« Le rêve moderniste de l’architecte créateur d’une alter-réalité doit céder la place à une ″vision″ inclusive et évolutive de notre cadre de vie actuel, en continuité avec notre histoire, nos valeurs et notre patrimoine. » Tel est le point de vue de l’architecte Silvio d’Ascia, qui imagine la ville se transformer, dans une réalité augmentée par le numérique et améliorée par l’utilisation intelligente et démocratique des nouvelles technologies, au service de l’environnement et de la collectivité. Une révolution urbaine incarnée par son projet de mini data center au cœur des villes, véritable cerveau de la smart city !
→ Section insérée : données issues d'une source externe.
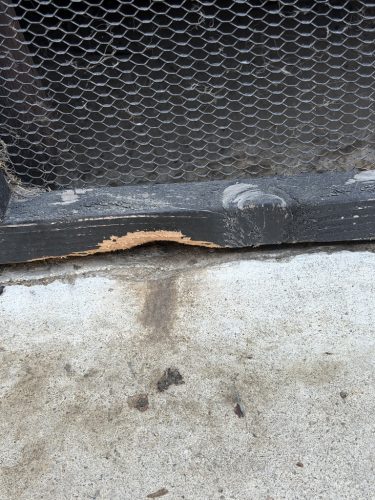 Pest-control-service-la-jolla-ca-suncoast-pest-management-updates-8-10-2026-3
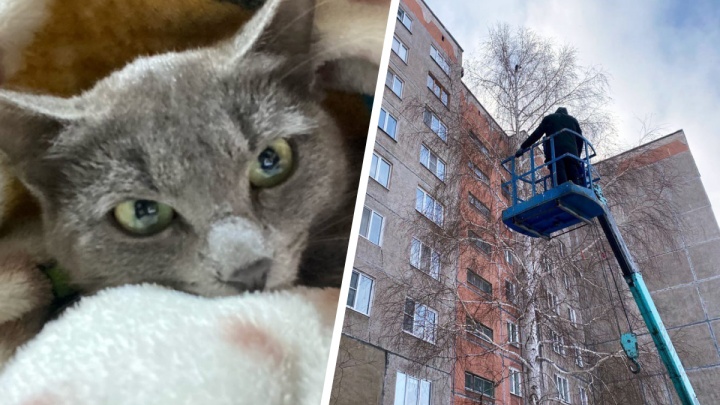 «В МЧС, конечно, только людей спасают»: в Магнитогорске несколько часов снимали кошку с дерева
« L’aspiration de la tabula rasa de la ville du passé est finie, affirme Silvio d’Ascia, alors même que cette aspiration encore bien présente dans la plupart des visions d’architectes de la ville du futur, où une densité urbaine excessive et irresponsable est simplement édulcorée par la présence générique, décorative, diversive et instrumentale de la nature en façade et en toiture des mêmes gratte-ciels du passé moderniste… Nous n’avons vraiment plus besoin en effet d’une hyper croissance démesurée et anachronique de tours et de nouvelles constructions qui détruisent notre environnement fragilisé par un siècle de capitalisme effréné et de consumérisme irrationnel ! La croissance économique et urbaine ne doit plus être destructive et irresponsable. »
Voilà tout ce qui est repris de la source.